==== Data for analysis

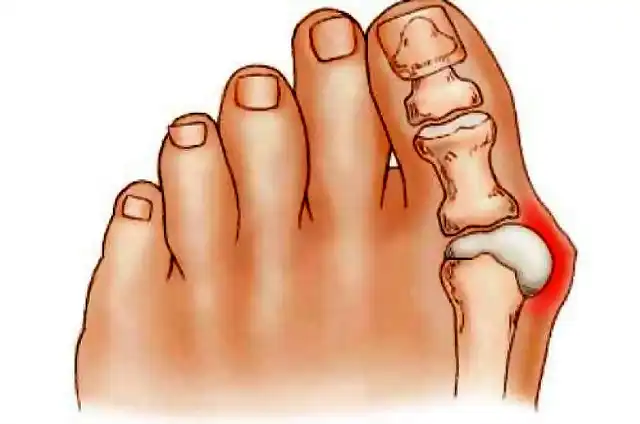 Juanetes-Hallux-Valgus-Deformidad-Dedo-Gordo (1)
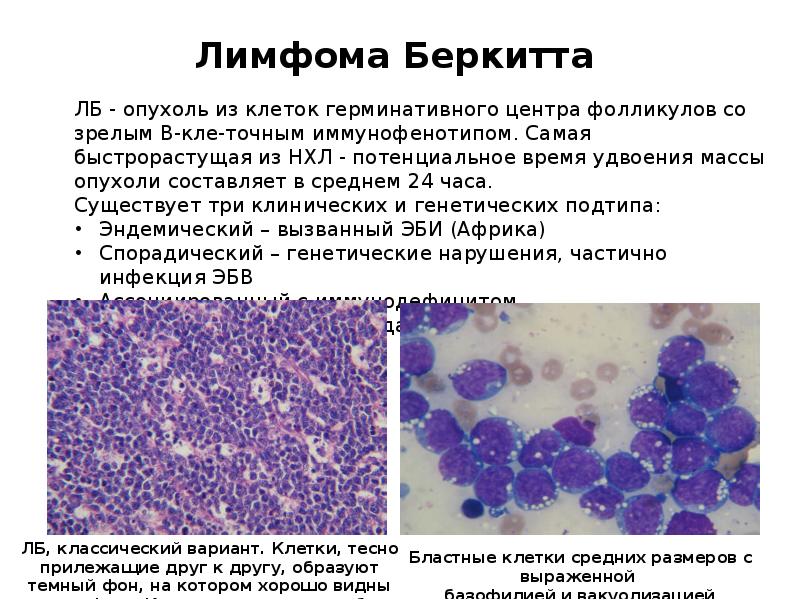 Лимфома лечение. Лимфома Беркитта анализ.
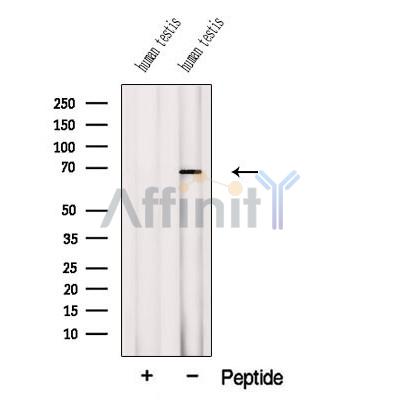 Western blot analysis of extracts from Human testis tissue, using DTX2 Antibody. The lane on the left was treated with blocking peptide.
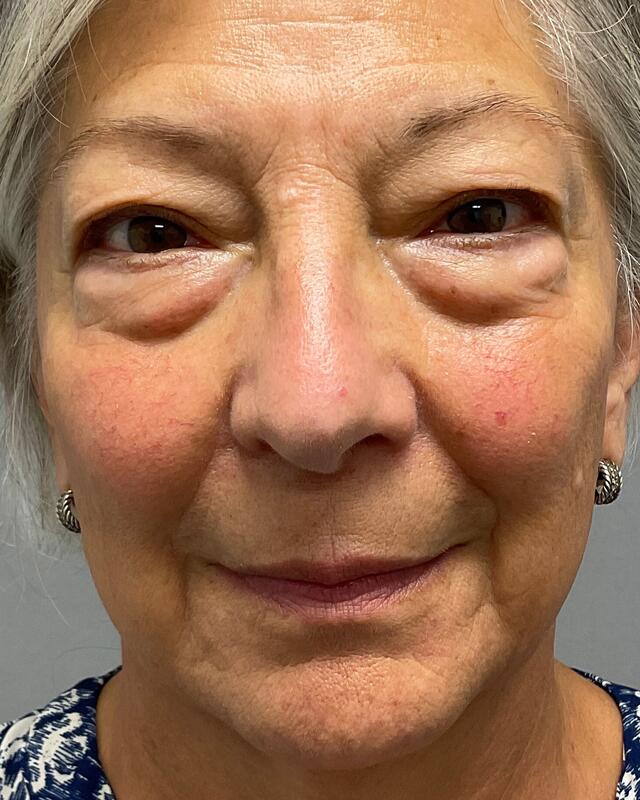 Blepharoplasty Before & After Image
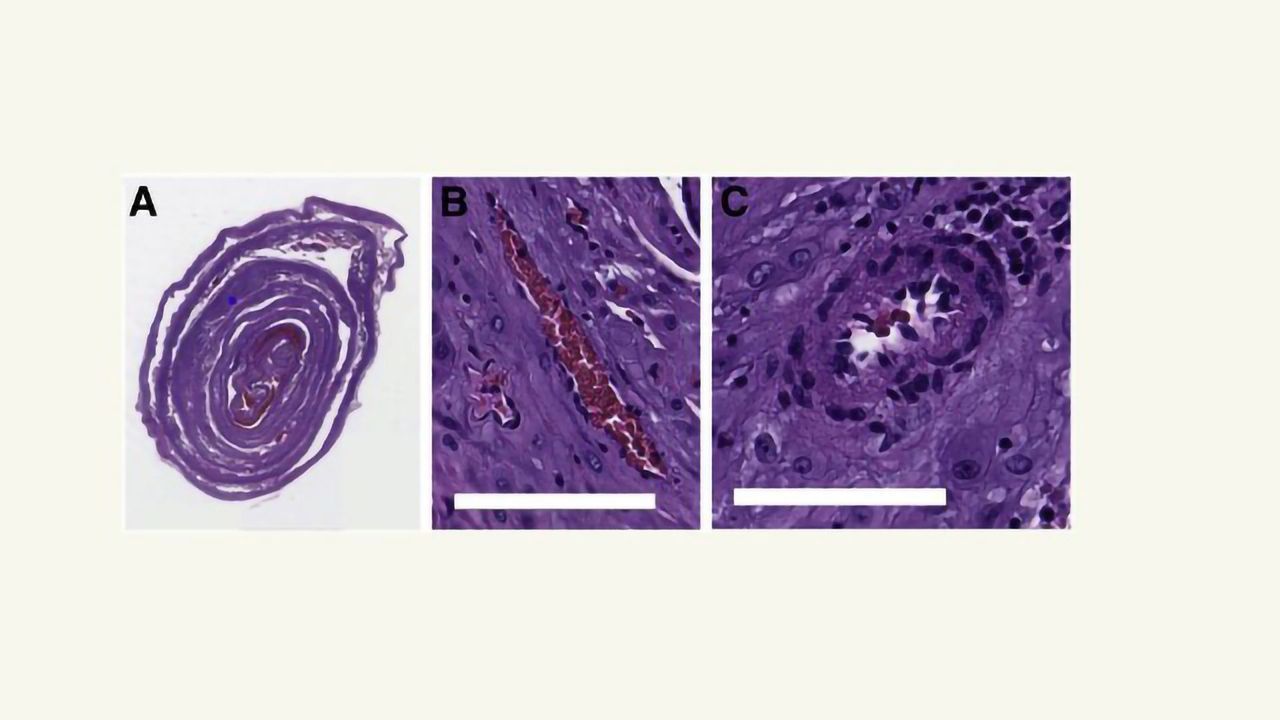 Machine Learning Probes Placenta To Protect Future Pregnancies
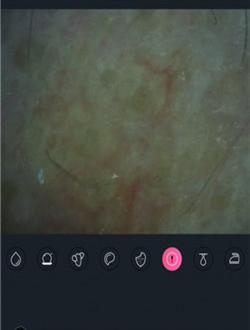 护肤ai检测截图3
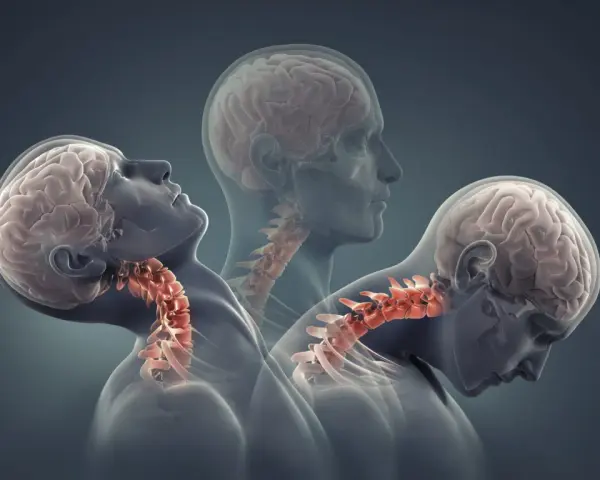 Symulacja urazu whiplash po polsku: gwałtowne ruchy głowy i szyi, ukazujące kręgosłup szyjny.
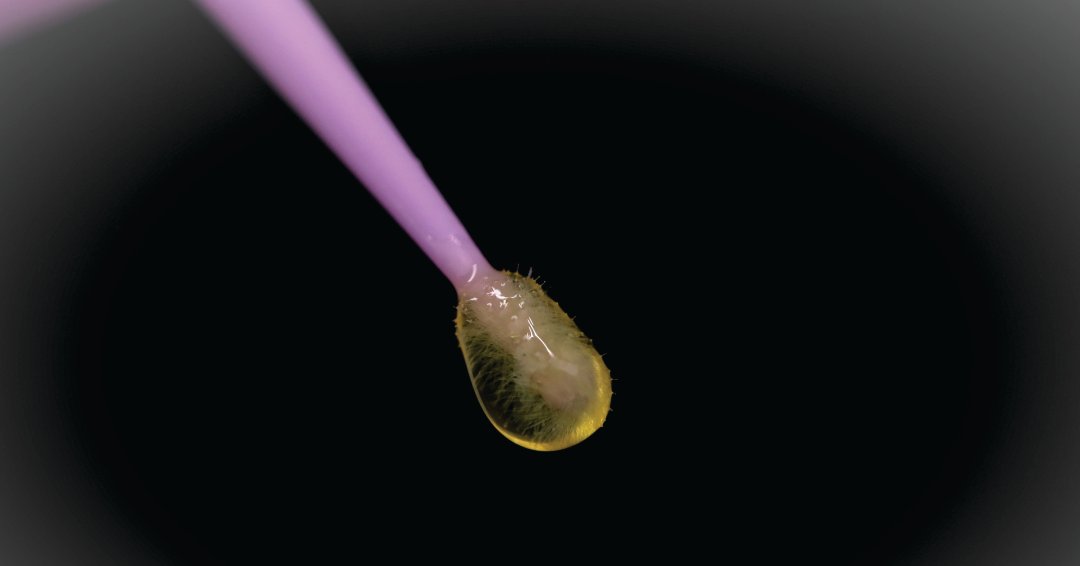 “A multi-step universal adhesive is a logic next evolution.” Read Dental Tribune’s interview with Prof. Bart Van Meerbeek and discover the recommendations of one of the most respected authorities on the topic of dental adhesives. #g2bonduniversal
fal.cn/3gp8Q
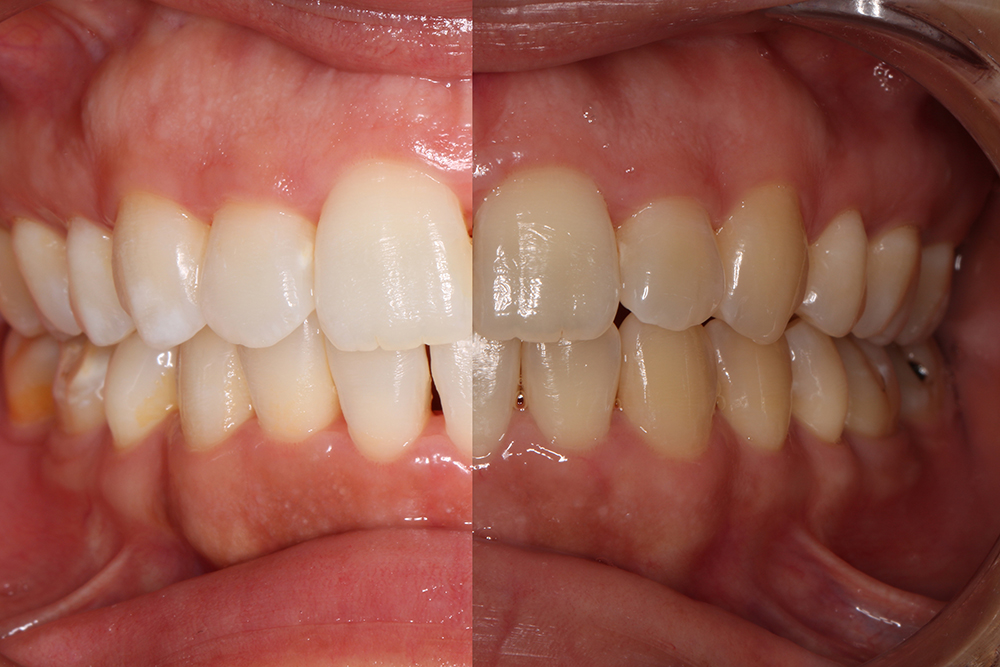 Blanqueamiento Dental: ¿Qué debo saber?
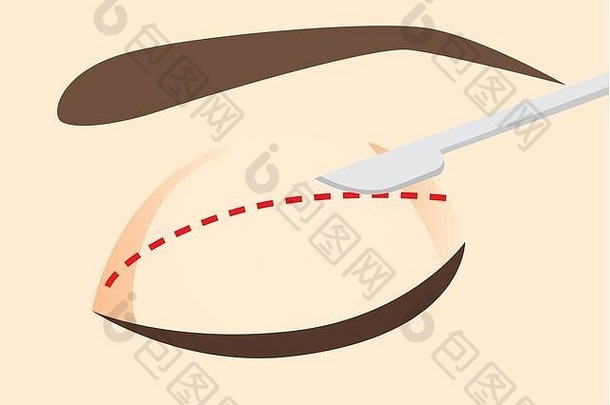 沿着设计的切口线在眼睑上使用刀。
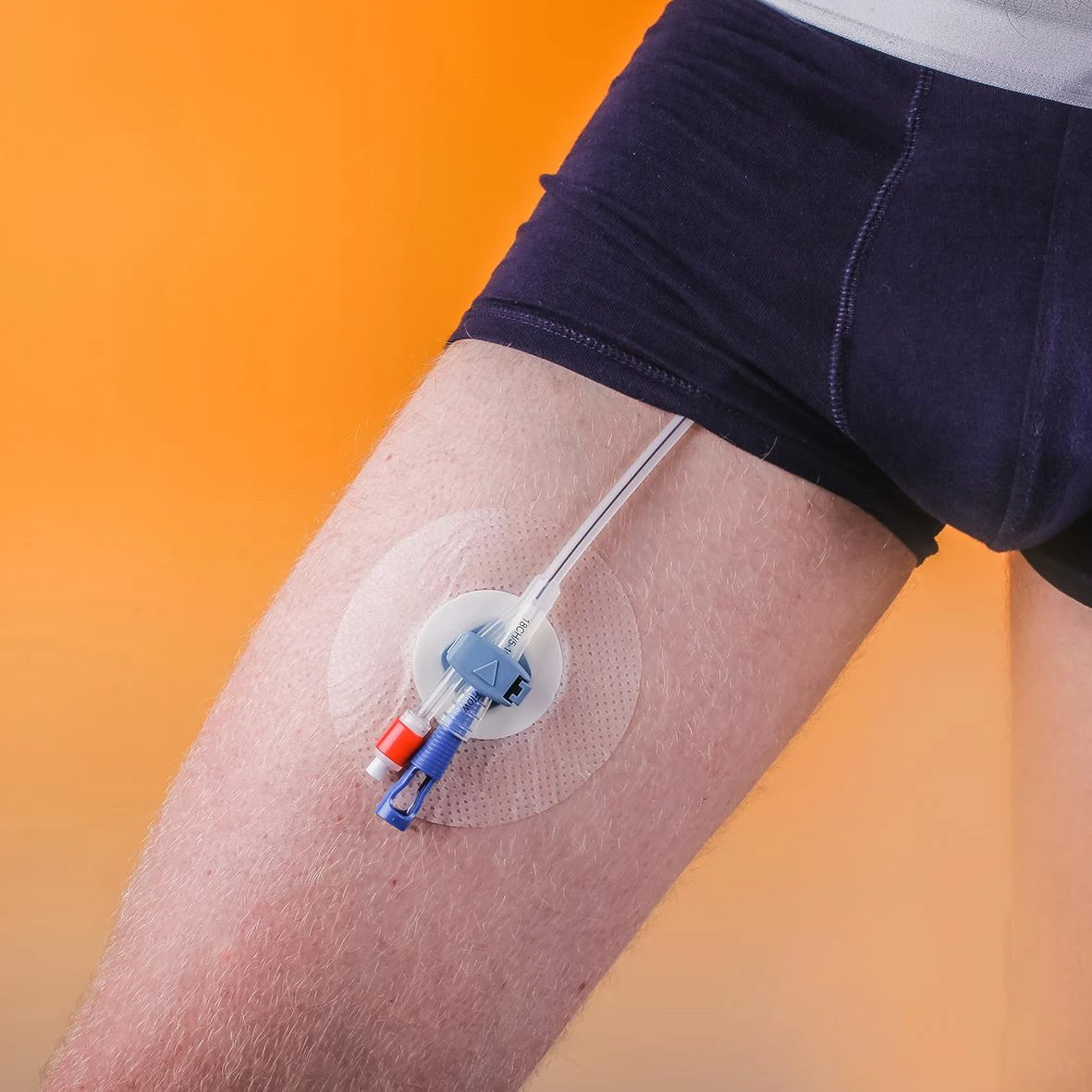 Silicone Foley Catheter Fixation Device Two-Way with Rotating Clip medical consumables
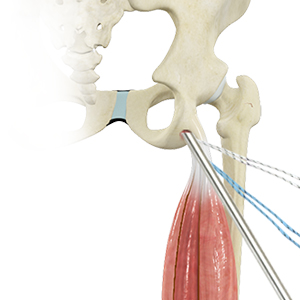 Hamstring Tendon Repair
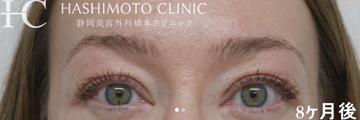 静岡美容外科橋本クリニックの症例写真[アフター]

========

### What you should do
Verbatim output of the entries is required, with each image left out.

### Task output
 Juanetes-Hallux-Valgus-Deformidad-Dedo-Gordo (1)
 Лимфома лечение. Лимфома Беркитта анализ.
 Western blot analysis of extracts from Human testis tissue, using DTX2 Antibody. The lane on the left was treated with blocking peptide.
 Blepharoplasty Before & After Image
 Machine Learning Probes Placenta To Protect Future Pregnancies
 护肤ai检测截图3
 Symulacja urazu whiplash po polsku: gwałtowne ruchy głowy i szyi, ukazujące kręgosłup szyjny.
 “A multi-step universal adhesive is a logic next evolution.” Read Dental Tribune’s interview with Prof. Bart Van Meerbeek and discover the recommendations of one of the most respected authorities on the topic of dental adhesives. #g2bonduniversal
fal.cn/3gp8Q
 Blanqueamiento Dental: ¿Qué debo saber?
 沿着设计的切口线在眼睑上使用刀。
 Silicone Foley Catheter Fixation Device Two-Way with Rotating Clip medical consumables
 Hamstring Tendon Repair
 静岡美容外科橋本クリニックの症例写真[アフター]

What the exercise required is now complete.